Starting here, 'cause Israel threads always get heated…
On NPR, there was a story how, in India, it is illegal to publish maps that do not show Kashmir as part of India. “Wrong” maps get censored (or, more properly, the people publishing them can get punished.)
Someone said, “Israel does the same thing.” Do they? If a magazine got published in Israel that showed Tel Aviv as the capital, or that showed big parts belonging to Palestine or Gaza, or that didn’t even show Israel existing at all, could there be criminal penalties for such publication?
My thought was, no, Israel isn’t that fussy. But I never would have guessed that India would be that fussy either.
I apologize in advance if this thread gets nasty. (Please don’t!)
If someone publishes a map showing Mexico starting at the state of Mississippi and going west - and someone relies on that to their determent should there be responsibility? Even of some group says the real.Mexican boundry starts at Mississippi?
I am not a lawyer, especially in regards to Israeli law. But I did a little googling.
Israel doesn’t have an equivalent of the American First Amendment. The press is generally free in practice but doesn’t have its freedom guaranteed as a fundamental right.
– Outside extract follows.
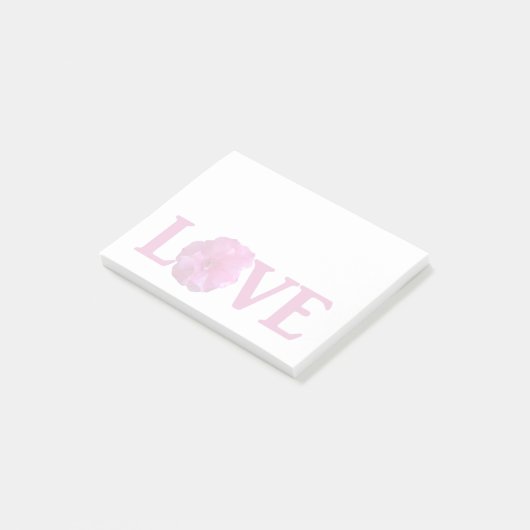 Love Pink Flower Post-it Notes (Schuin)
Israel has a law that magazines and newspapers are required to have a government license to publish (but I believe this law was recently repealed). And the government has the right to censor material in the press which it feels is a threat to Israel’s security or public order. There was also a lot of unofficial censorship in which the government asked newspapers not to print certain stories and the newspapers complied. This unofficial censorship system seems to have broken down in recent decades.
Neither does England. And, just like Israel, it doesn’t suffer from lack of free speech.
(Americans are always surprised to learn that some countries are different… )
The Israeli press, and Israeli map makers, are as free as every other western democracy.
This must mean that, for legal or other reasons, the resolution of commercially available satellite maps is artificially limited, so the image looks worse than the original, and sensitive sites are edited away to be replaced by natural textures. The same way topographic maps of Israel beyond a certain scale were not publically available and/or were altered.